## Record set:
····················

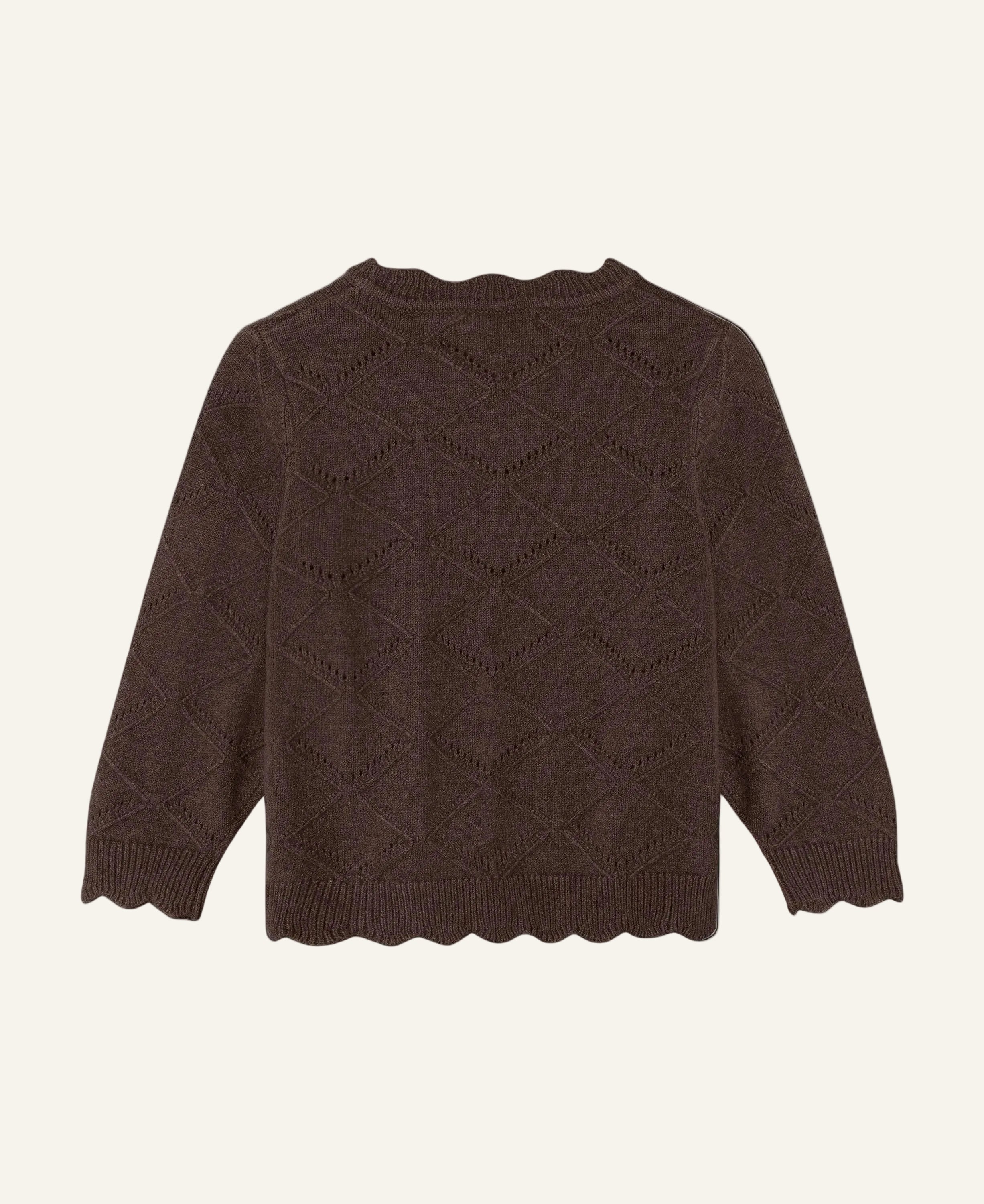 A dark brown knit sweater with a diamond cable pattern and scalloped edges, shown from the back on a light gray background.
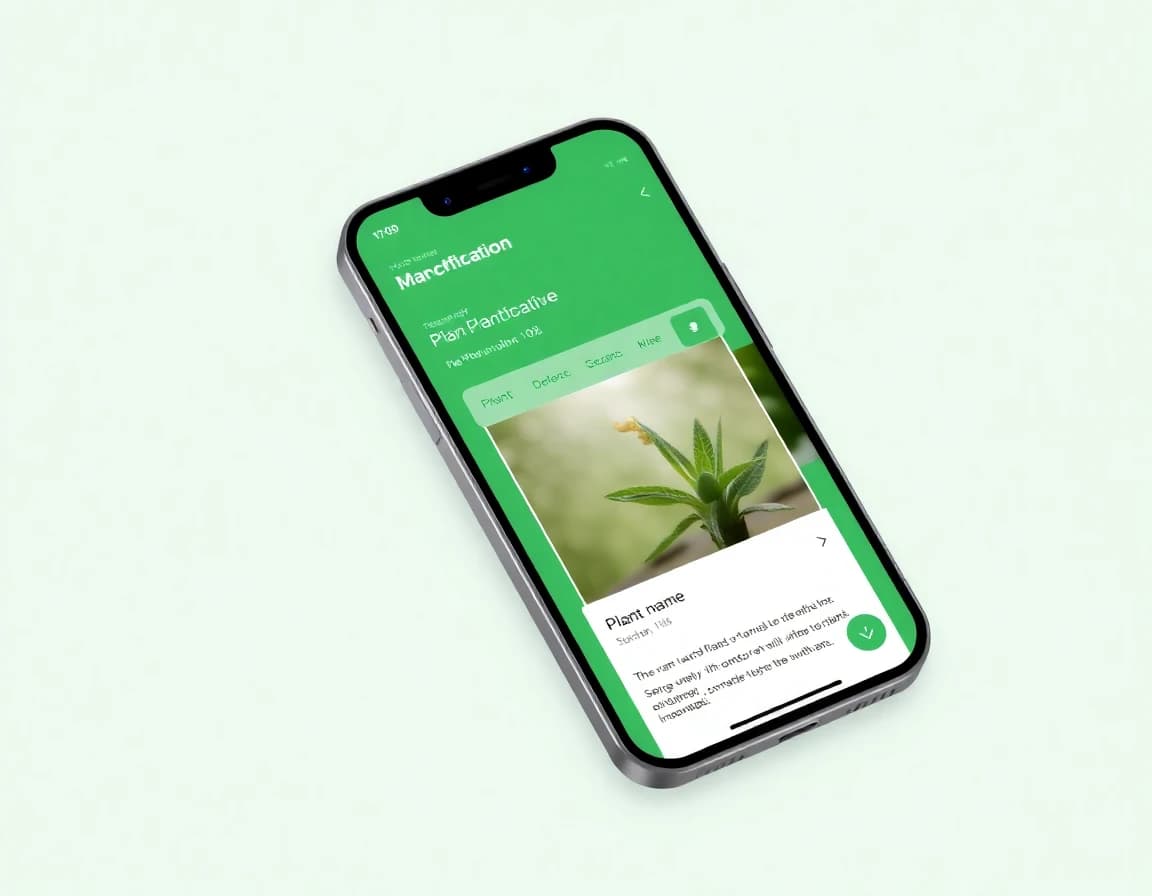 Smartphone displaying plant identification results with care instructions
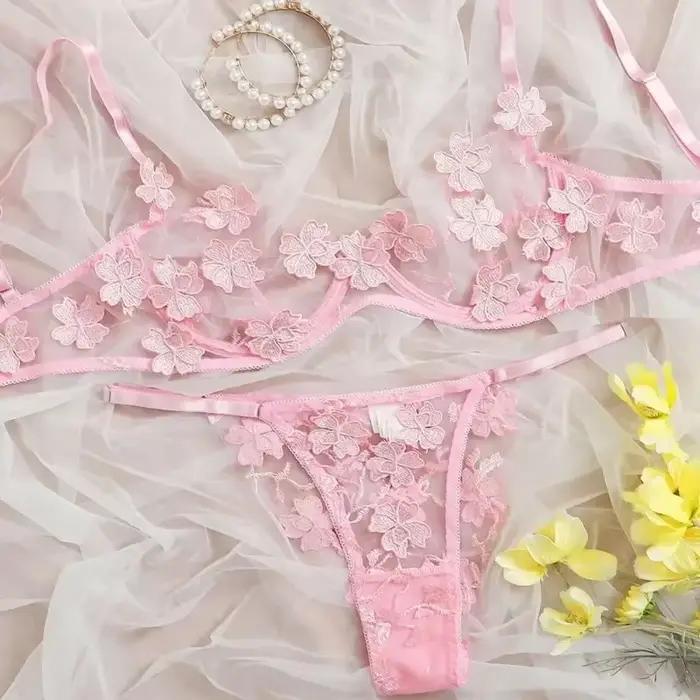 Toucheart-Ensemble de lingerie sexy transparente pour femme, soutien-gorge en dentelle brodée, applique de fleurs, maille douce féminine, kit de lingerie transparente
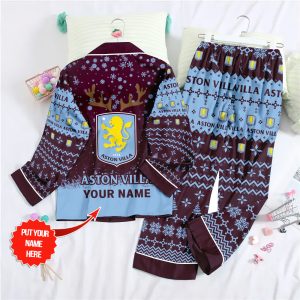 Personalized Aston Villa Button Down Pajamas Set – TANTN 8850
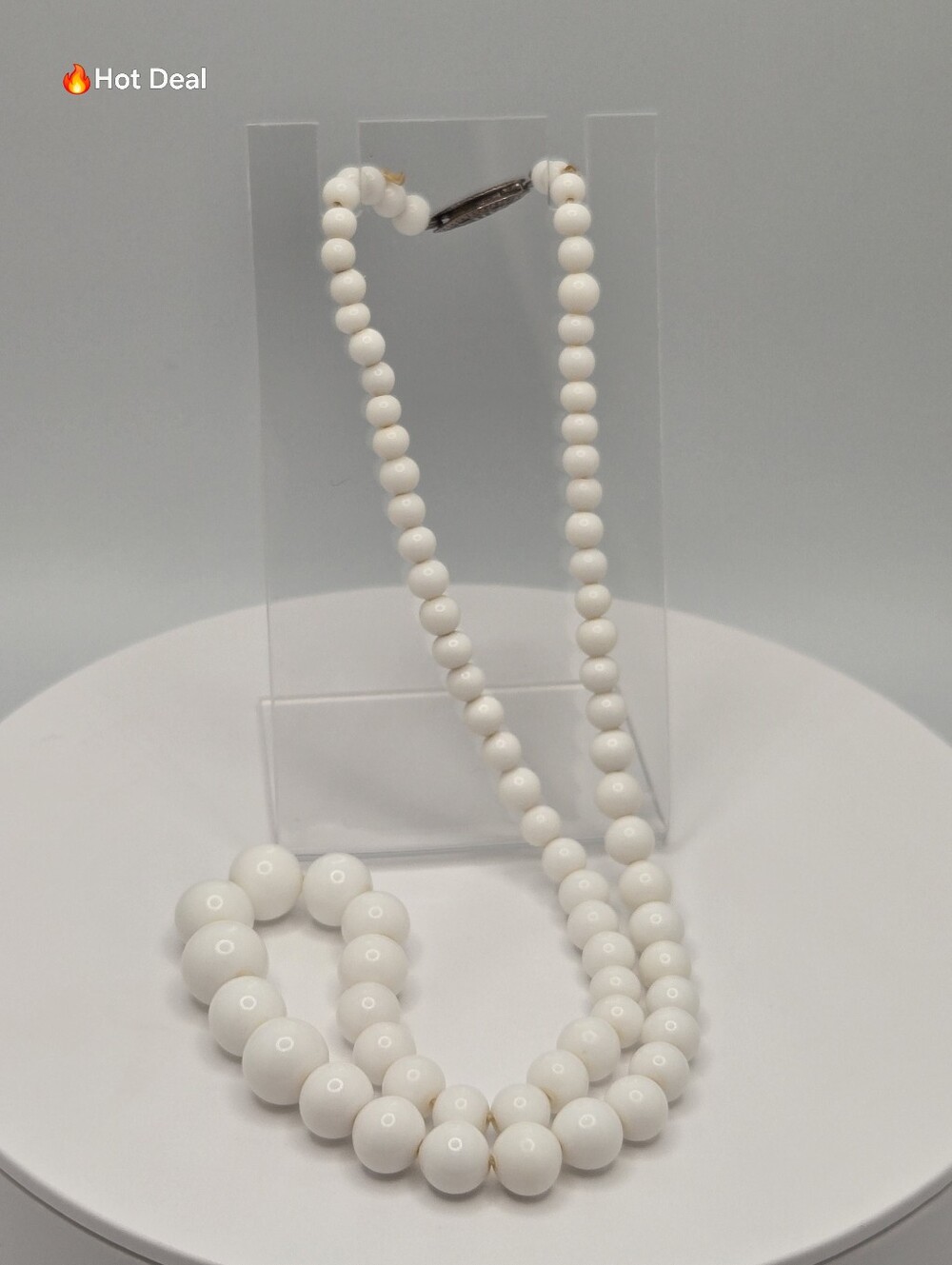 Vintage Graduated Milk Glass Bead Necklace 925 Sterling Clasp 15" White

····················

## Problem to solve:
Set the records down again word for word; the pictures stay out.

## Solution:
 A dark brown knit sweater with a diamond cable pattern and scalloped edges, shown from the back on a light gray background.
 Smartphone displaying plant identification results with care instructions
 Toucheart-Ensemble de lingerie sexy transparente pour femme, soutien-gorge en dentelle brodée, applique de fleurs, maille douce féminine, kit de lingerie transparente
 Personalized Aston Villa Button Down Pajamas Set – TANTN 8850
 Vintage Graduated Milk Glass Bead Necklace 925 Sterling Clasp 15" White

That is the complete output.